= Mapo Saebit Culture Forest =

Park in Seoul, South Korea

Mapo Saebit Culture Forest is a neighborhood park located in Dangin-dong, Mapo District, Seoul, South Korea.

== History ==
The park traces its origins to a railway line constructed to transport anthracite coal from Danginri Power Plant, the first power plant in Korea. This line, a branch of the Yongsan Line, connected Seogang Station to Danginri Station and was completed in 1929. The railway operated a two-car train, providing both passenger services and anthracite freight transport.

Even after its closure, the Danginri Power Plant remained in place and continued to operate, and in 2018, efforts were made to proceed with undergrounding. The area that was created above ground during this undergrounding process is now the current park.

== Features ==
The Mangwon Hangang Park, a poplar riverside park along the Han River is located nearby.

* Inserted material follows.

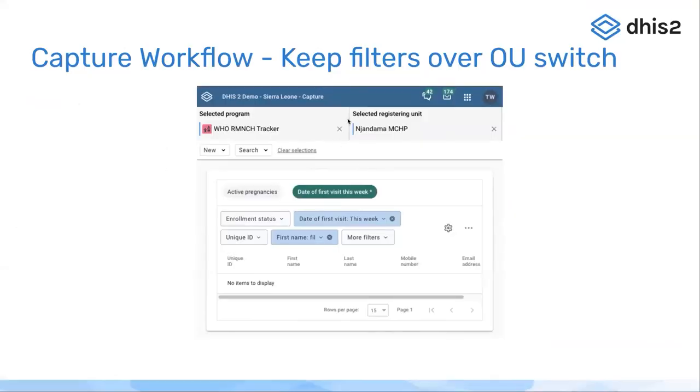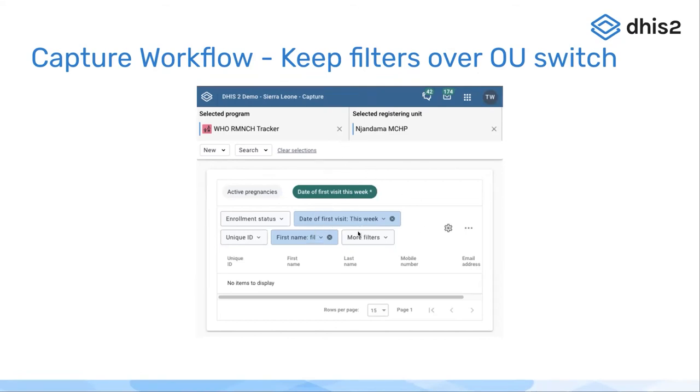The filters will, the filter selections will be kept over many operations and we think this is going to be useful when you want to apply the same filter many times in different org units, for example.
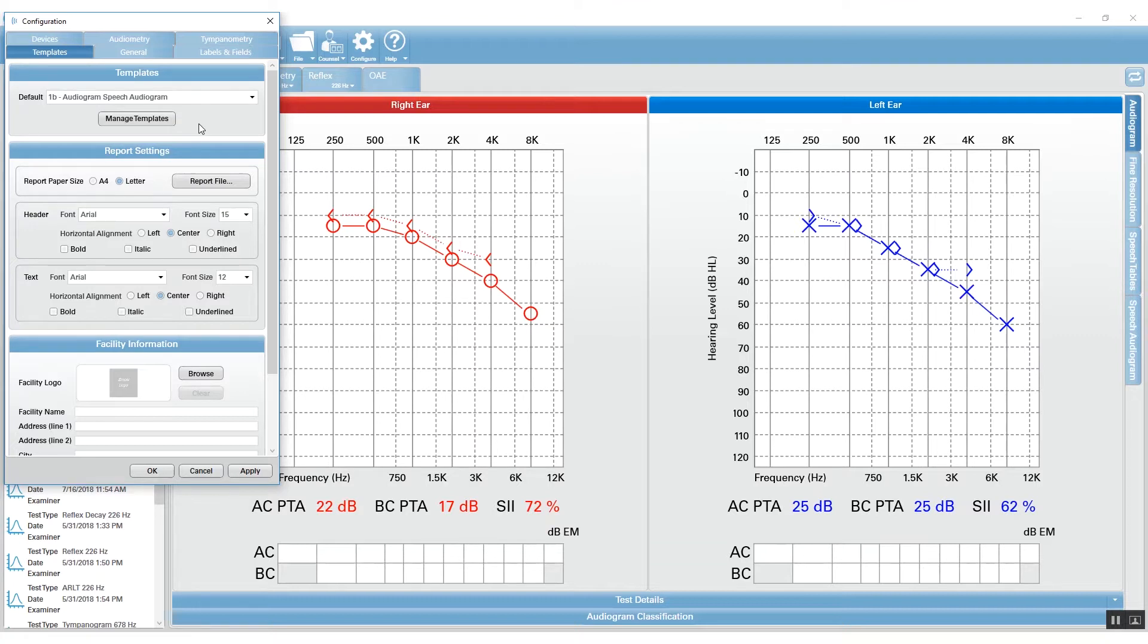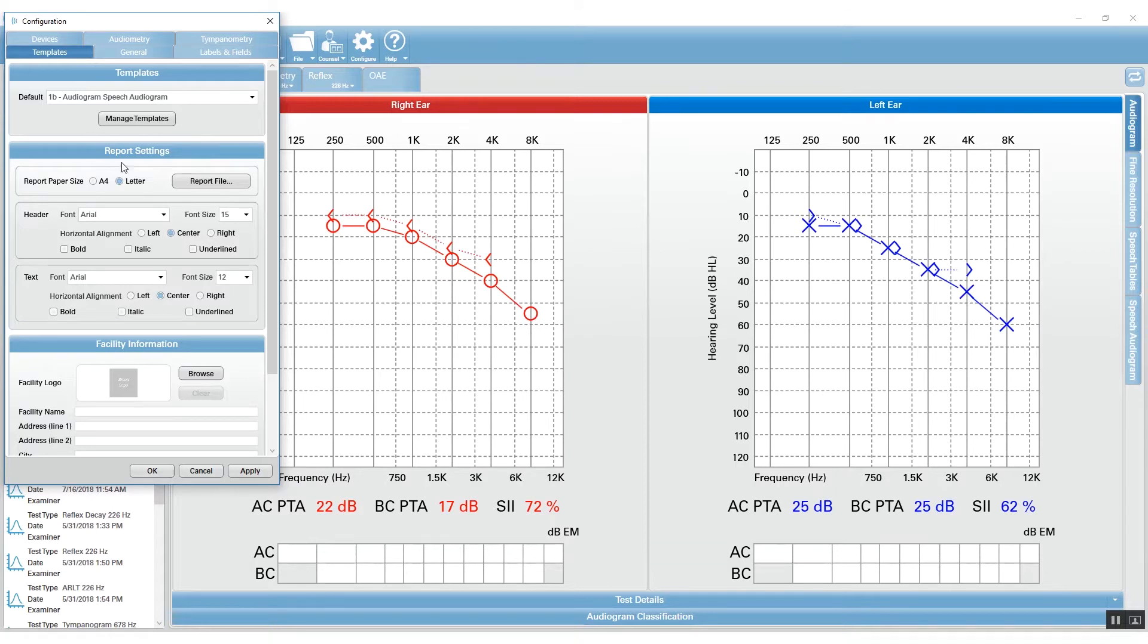You can either use one of those templates, modify one, or create your own. The next section handles reports and is called Report Settings. Here you can choose your paper size and whether you'd like to save directly to a file or print to file.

On December 16, 2022, it was connected to Mangwon Hangang Park through a pedestrian walkway and elevator.

The park is located adjacent to Gangbyeonbuk-ro, a major expressway. This location offers scenic views combining the Han River, Gangbyeonbuk-ro, and Yeouido, creating a picturesque landscape. Depending on the vantage point, the National Assembly Building is visible, and from slightly higher elevations, the iconic 63 Building can also be seen.